Hoje, dia 30 de julho, assinala-se o Dia Mundial contra o Tráfico de Seres Humanos, uma data instituída pelas Nações Unidas para alertar para um crime transnacional que continua a crescer e a vitimar milhões de pessoas em todo o mundo, sobretudo mulheres e crianças em situações de vulnerabilidade social, económica ou migratória. Entre 2020 e 2023, mais de 200 mil vítimas foram identificadas globalmente — um número que representa apenas uma pequena parte da realidade, segundo a ONU. A organização alerta que o tráfico é impulsionado por redes criminosas organizadas que se aproveitam de lacunas legais, fluxos migratórios e plataformas digitais para explorar seres humanos através de trabalho forçado, exploração sexual, tráfico de órgãos e outras formas de abuso. Apesar de alguns avanços, a resposta da justiça criminal continua aquém do necessário. Por isso, a ONU reforça os apelos a uma atuação mais eficaz por parte das autoridades, com leis rigorosas, cooperação internacional e apoio centrado nas vítimas.

Em Timor-Leste, este fenómeno global ganha contornos particularmente graves quando os seus efeitos se projetam além-fronteiras. Em 2022, as autoridades portuguesas identificaram mais de 800 cidadãos timorenses como potenciais vítimas de uma rede de tráfico humano e auxílio à imigração ilegal. Muitos foram encontrados em condições degradantes, em habitações sobrelotadas nas zonas agrícolas de Beja, Serpa e Fundão, sujeitos a exploração laboral em campos de maçãs e olivais. A situação motivou investigações do Serviço de Estrangeiros e Fronteiras (SEF), que recolheu indícios de tráfico humano e iniciou articulação com o Ministério Público. Em Timor-Leste, foi efetuada a primeira detenção relacionada com o caso, e a Santa Casa da Misericórdia de Lisboa comprometeu-se a apoiar o regresso dos mais vulneráveis.

Na altura, o Presidente da República de Portugal, Marcelo Rebelo de Sousa, classificou a situação como “intolerável” e defendeu intervenção judicial. Ao seu lado, o Presidente de Timor-Leste, José Ramos-Horta, denunciou o papel de “pessoas sem escrúpulos” que fazem promessas enganosas a jovens timorenses, num fenómeno que, segundo afirmou, é antigo e comum em muitos países em desenvolvimento. Apesar de ter admitido a necessidade de repatriar cidadãos em situação vulnerável, Ramos-Horta referiu que muitos recusam regressar, mesmo perante condições difíceis.

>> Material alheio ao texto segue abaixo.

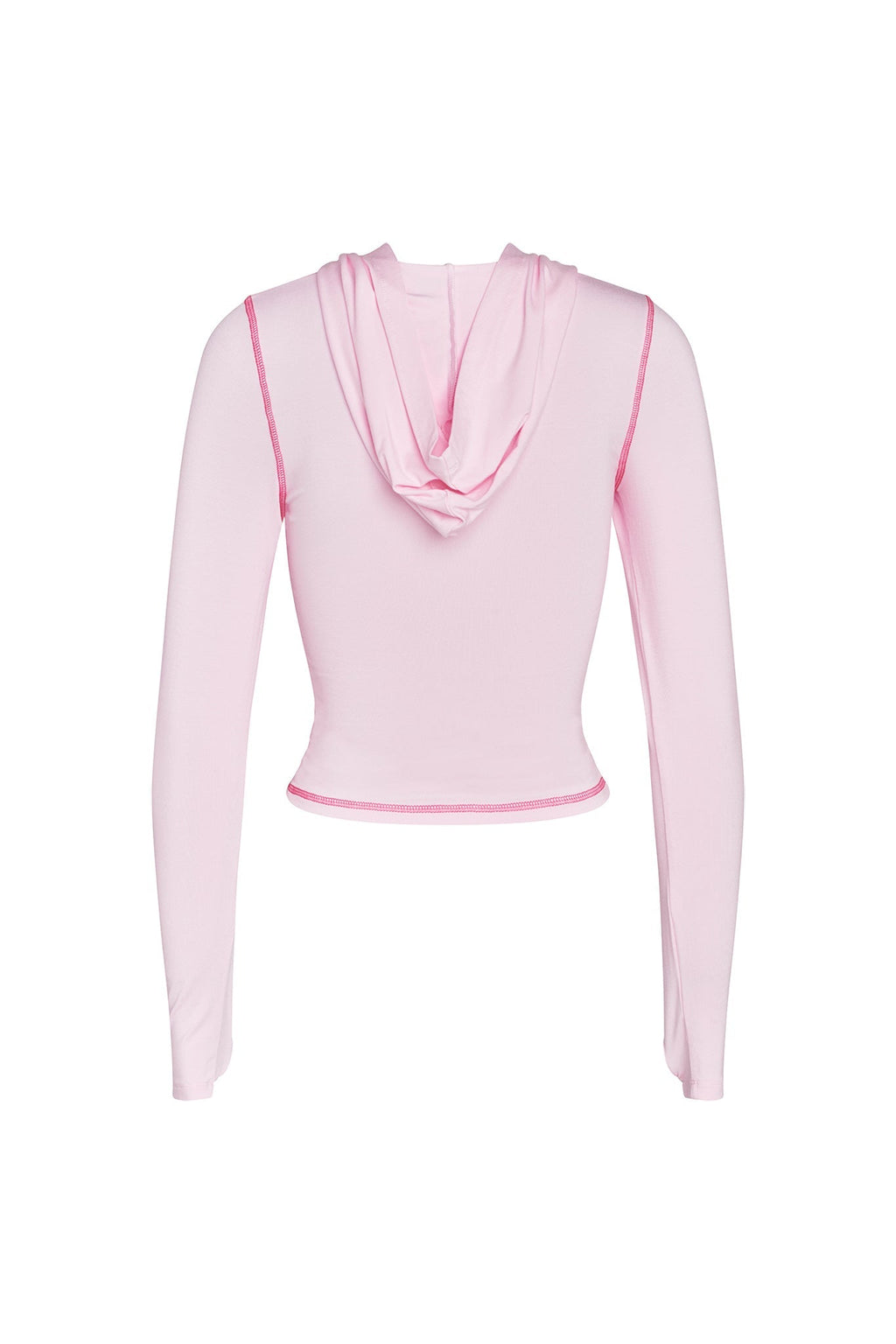 BLARE HOODIE - PINK : PASTEL PINK
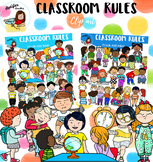 Classroom rules clip art Bundle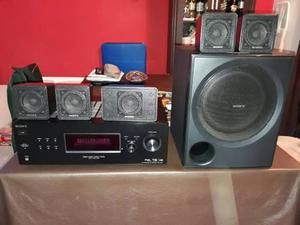 Vendo Home Theatre System 5.1 Sony Impecable!!!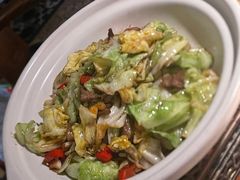 干锅手撕包菜-楼兰新疆主题餐厅(苏州中心店)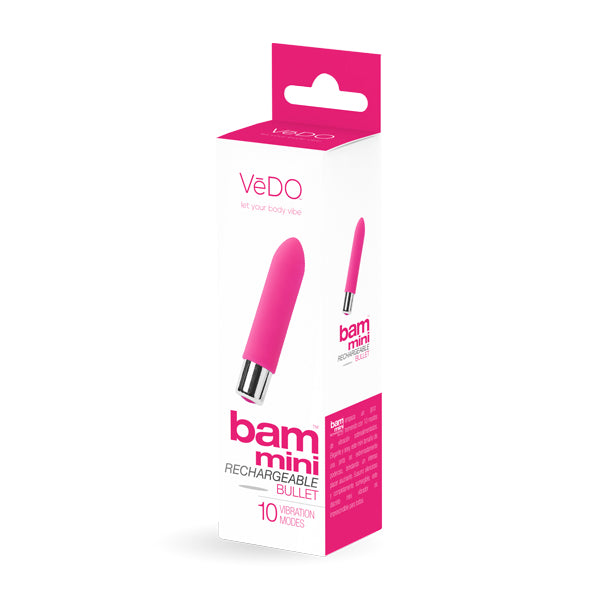 Vedo Bam Mini Bullet Assorted 12pc Display Default Title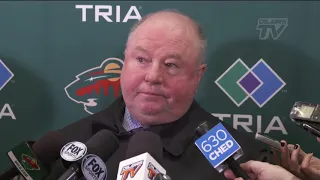 THE OTHER SIDE | Bruce Boudreau Post-Game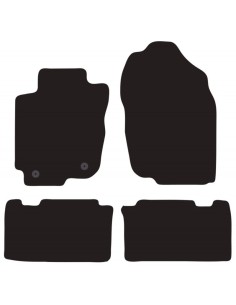 Tappeti tappetini auto su misura moquette Toyota Rav4 2013 2016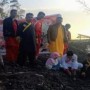 Teks foto : binaan pendekar Muda Pakcik Rajuli, S.Ag bersama pelatih senior dan pelatih HIMSSI e-SA Kabupaten Bengkalis lagi tanam mangrove (Istimewa).
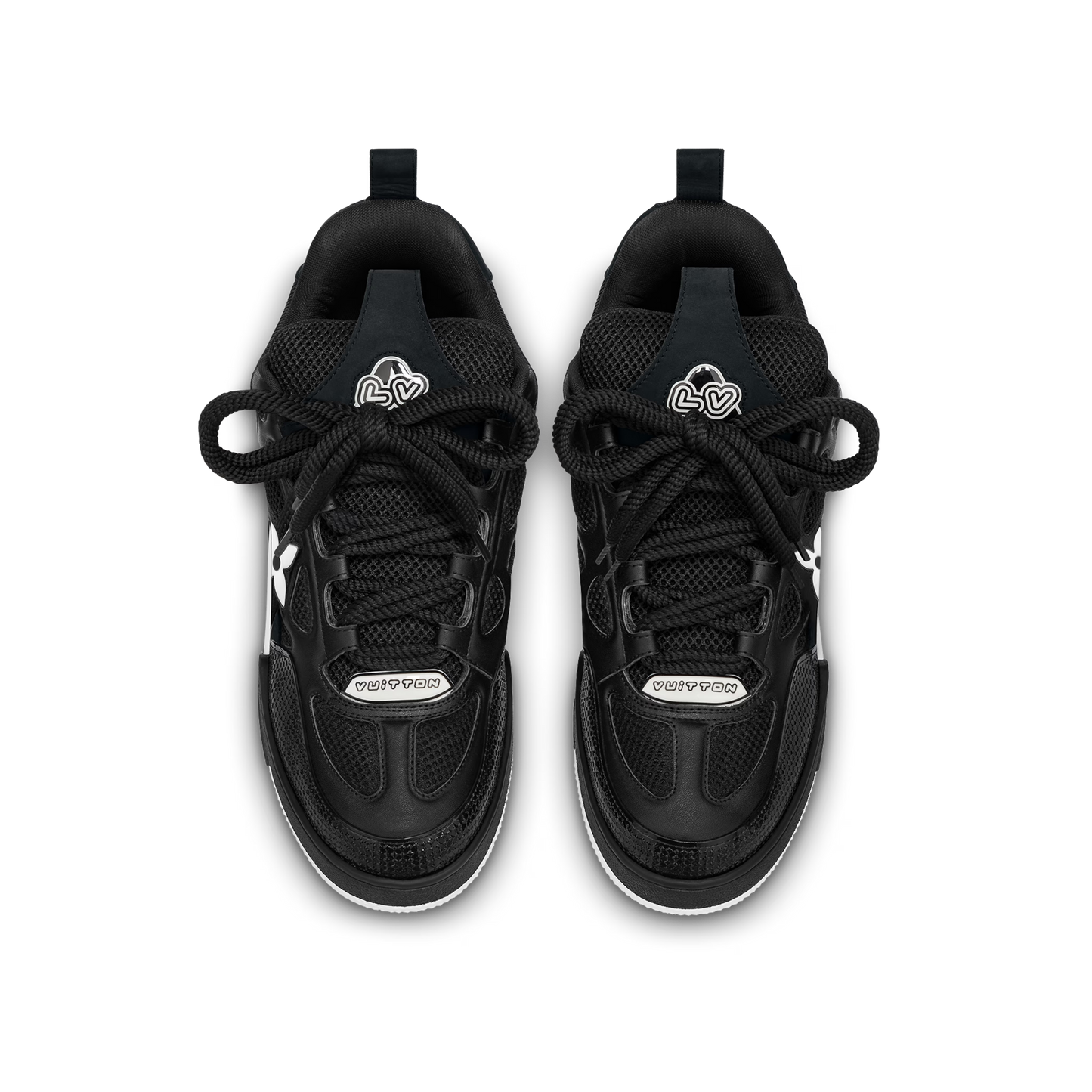 Louis Vuitton Skate Black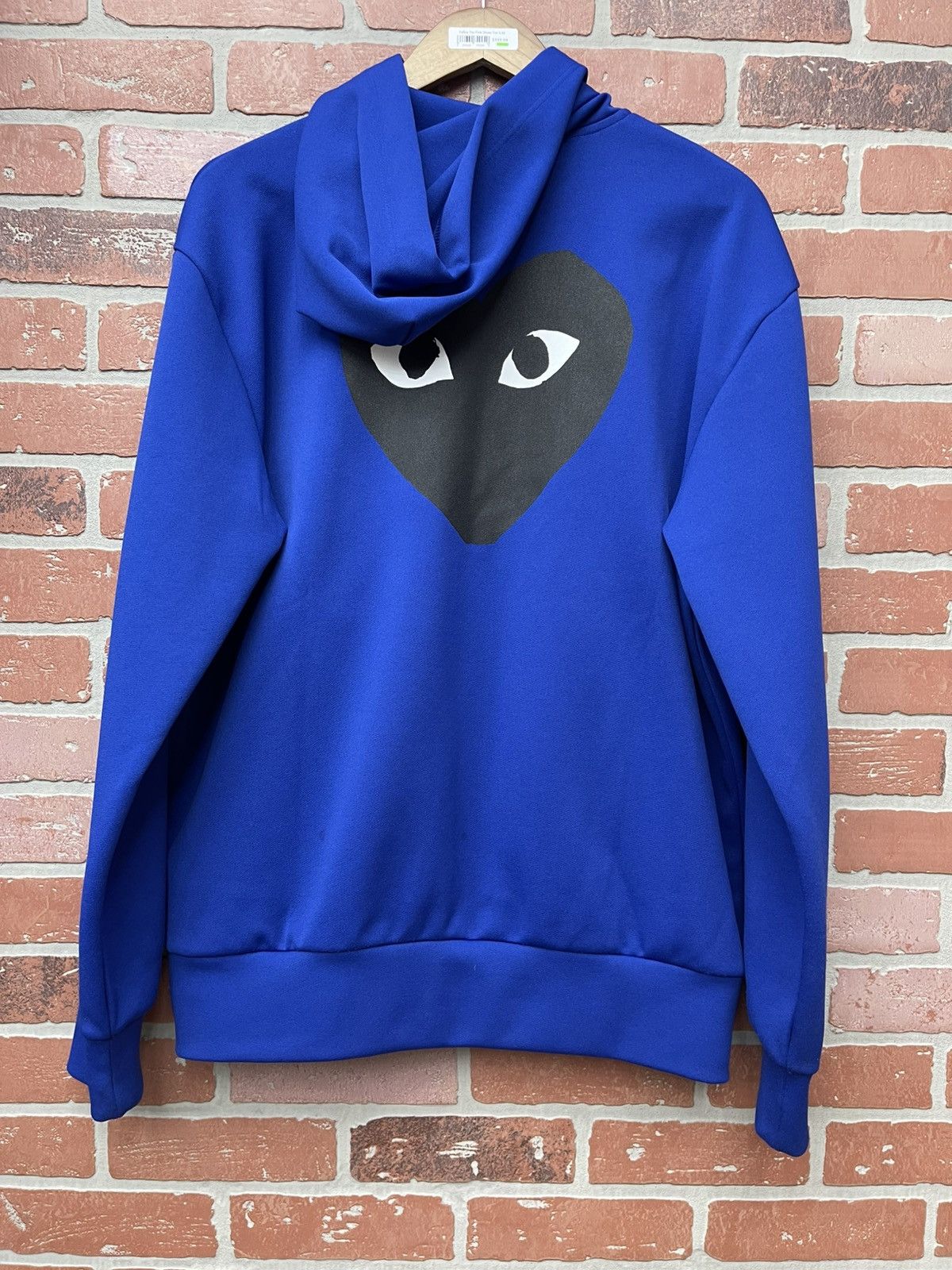 Comme des Garcons Size XL - CDG x Comme Des Garcons Blue Zip Up Size US XL / EU 56 / 4 - 2 Thumbnail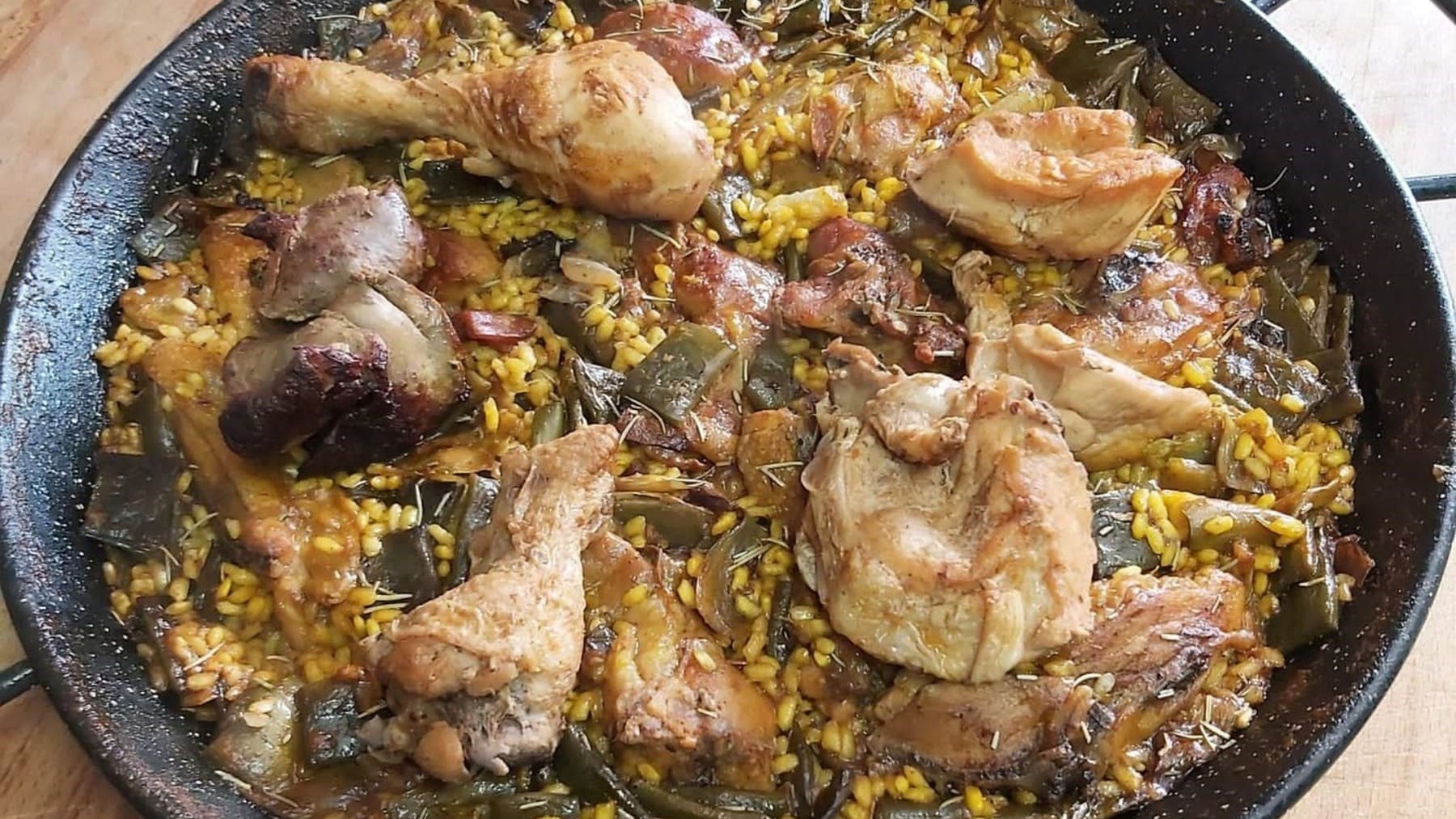 Paella.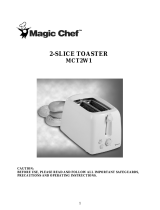 Magic Chef MCT2W1 User manual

Os casos de 2022 levantaram um alerta nacional e internacional sobre o risco de tráfico humano envolvendo migrantes timorenses, e continuam hoje a suscitar questões prementes: que proteção está a ser oferecida? Que mecanismos existem para prevenir que estas redes prosperem? E o que leva tantos jovens timorenses a arriscar tudo, mesmo sabendo que podem ser explorados?

Da promessa ao engano: testemunhos de jovens timorenses vítimas de agências falsas

Uma notícia publicada pelo Diligente, em fevereiro de 2024, deu conta de vários casos de jovens timorenses que emigraram para Portugal em busca de melhores condições de vida, mas que, à chegada, enfrentaram situações extremamente difíceis, como a falta de alojamento e de emprego, tendo alguns dormido nas ruas. Eduardo Macedo e Francisco Soares, por exemplo, relataram que vaguearam pelas cidades portuguesas sem saber a língua e sem contratos de trabalho, até conseguirem ajuda de compatriotas ou da assistência social.

Já Mariano Martins (nome fictício) denunciou ter pago 2700 dólares a uma suposta agência de recrutamento que prometeu apoio à chegada, mas que o deixou entregue à própria sorte. De acordo com o Serviço de Estrangeiros e Fronteiras (SEF), só em 2022 chegaram a Portugal 6814 timorenses, e embora o número tenha diminuído desde meados de 2023, continua elevado.

A ONG La’o Hamutuk estima que o desemprego atinja 27% dos timorenses em idade ativa, e o salário mínimo de 115 dólares não é revisto desde 2012. Perante este cenário, muitos jovens continuam dispostos a arriscar tudo para sair do país, mesmo sem garantias. A Embaixada de Timor-Leste em Lisboa tem vindo a alertar para o perigo de redes organizadas que fazem promessas enganosas de trabalho.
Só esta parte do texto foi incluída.